- **Task to carry out**:
Repeat the entries below exactly as they appear, with no pictures.

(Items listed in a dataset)

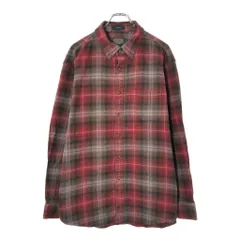 PENDLETON ペンドルトン フランネルシャツ オンブレチェック レッド(メンズ XL)中古 古着 V9809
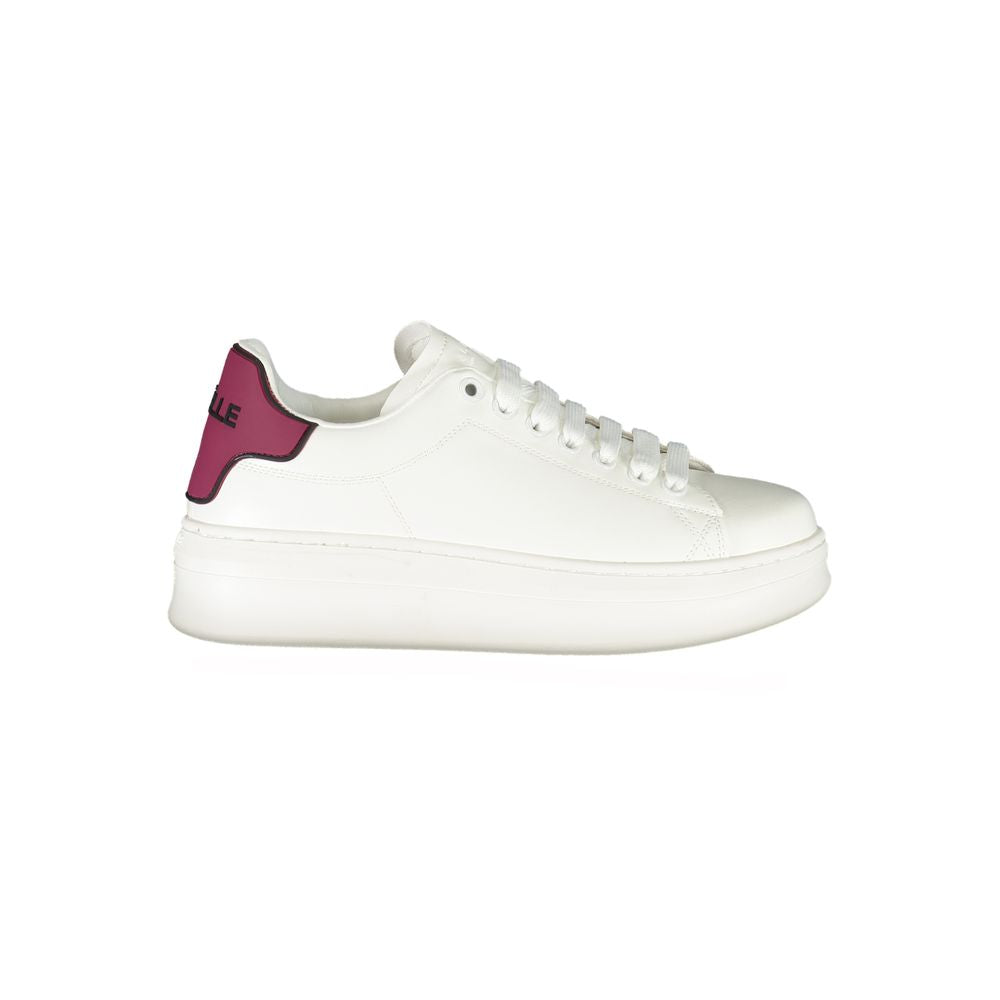 Gaelle Paris Rosso Poliuretano Women Sneaker - ClickThatClicks 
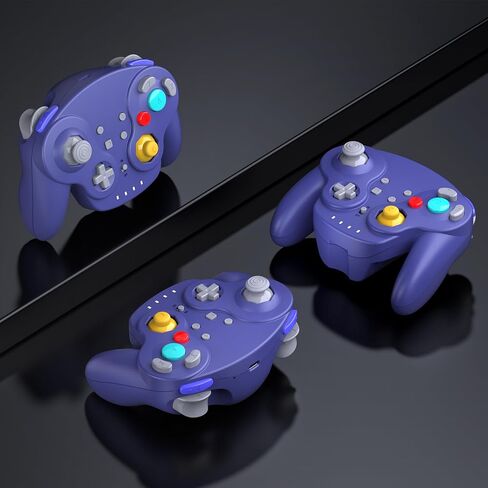 2.4 GHz Wireless GameCube Controller for Switch 1 & 2, NGC Console, Indigo in Kuwait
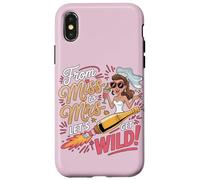 De Miss à Mrs Lets Get Wild Bachelorette Party Coque pour iPhone X/XS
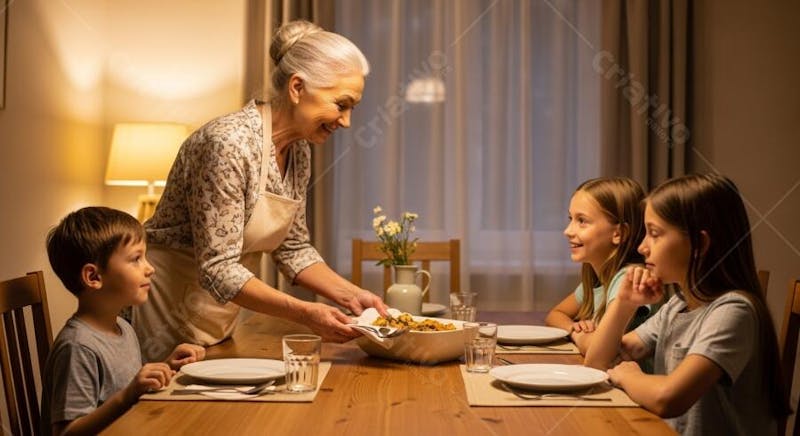 av[o servindo o jantar para os netos- (2)
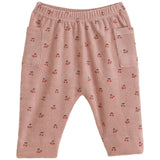 Baby Boy & Girl Organic Terry Cherry Print Trousers
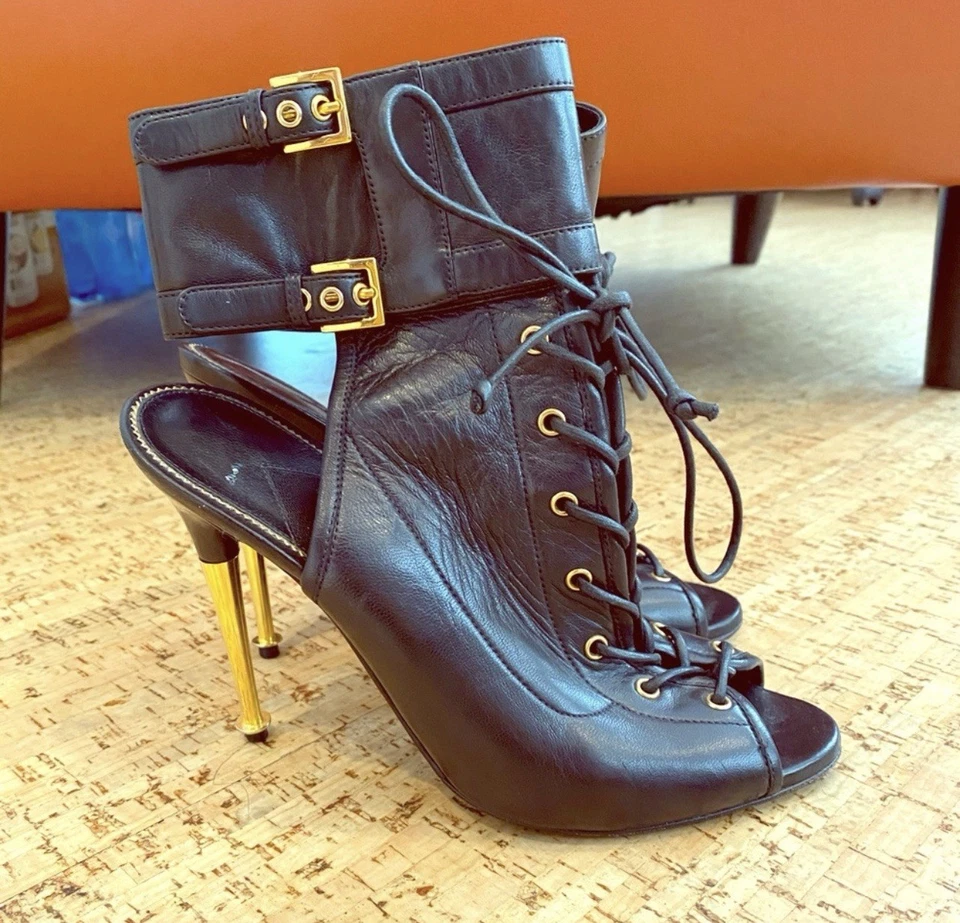 Tom Ford - Lace Up Heals - Image 1 of 3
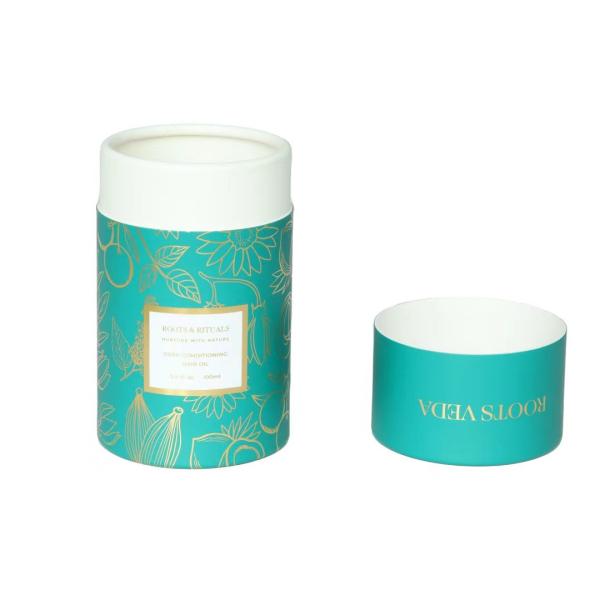 Eco Friendly Essential Oil Paper Tube Packaging Customized Logo Accepted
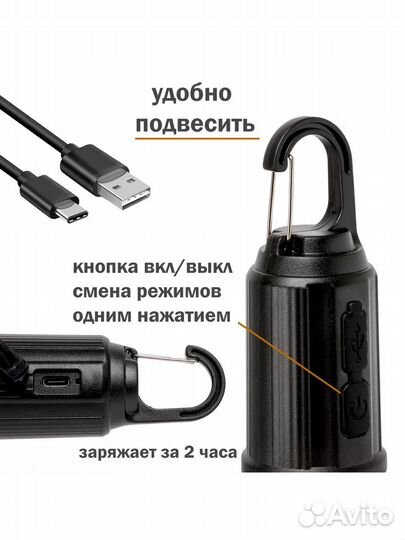 Кемпинговый светодиодный USB фонарь-лампа опт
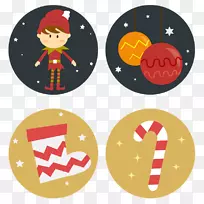 电脑图标圣诞装饰品剪贴画-圣诞节-空若网 电脑图标圣诞装饰品剪贴画-圣诞节-空若网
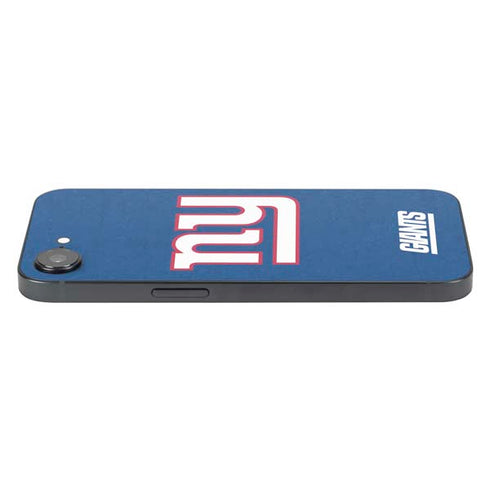 NFL New York Giants Distressed iPhone 16e Skin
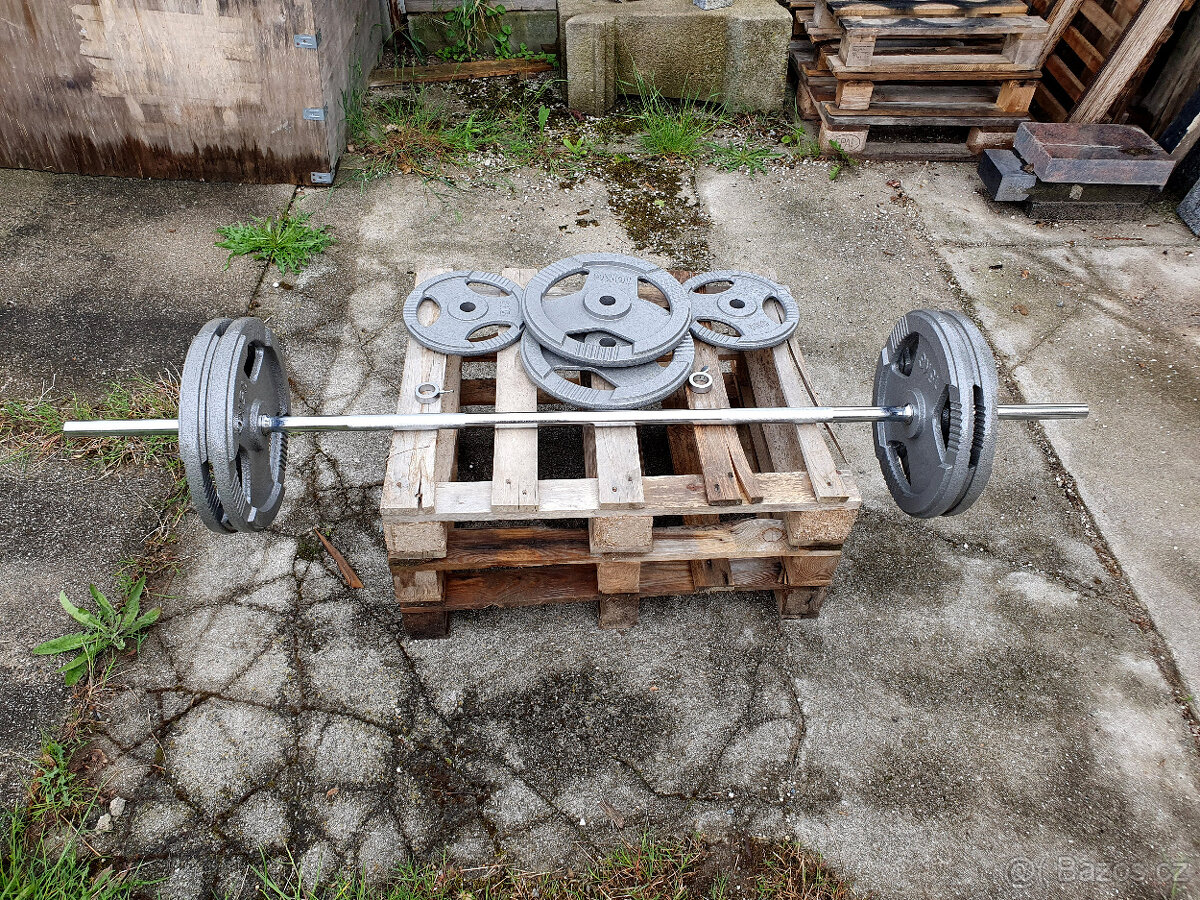 BENCH činka 100kg za 5690,- - 6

- **Final answer**:
 PENDLETON ペンドルトン フランネルシャツ オンブレチェック レッド(メンズ XL)中古 古着 V9809
 Gaelle Paris Rosso Poliuretano Women Sneaker - ClickThatClicks 
 2.4 GHz Wireless GameCube Controller for Switch 1 & 2, NGC Console, Indigo in Kuwait
 De Miss à Mrs Lets Get Wild Bachelorette Party Coque pour iPhone X/XS
 av[o servindo o jantar para os netos- (2)
 Baby Boy & Girl Organic Terry Cherry Print Trousers
 Tom Ford - Lace Up Heals - Image 1 of 3
 Eco Friendly Essential Oil Paper Tube Packaging Customized Logo Accepted
 Кемпинговый светодиодный USB фонарь-лампа опт
 电脑图标圣诞装饰品剪贴画-圣诞节-空若网 电脑图标圣诞装饰品剪贴画-圣诞节-空若网
 NFL New York Giants Distressed iPhone 16e Skin
 BENCH činka 100kg za 5690,- - 6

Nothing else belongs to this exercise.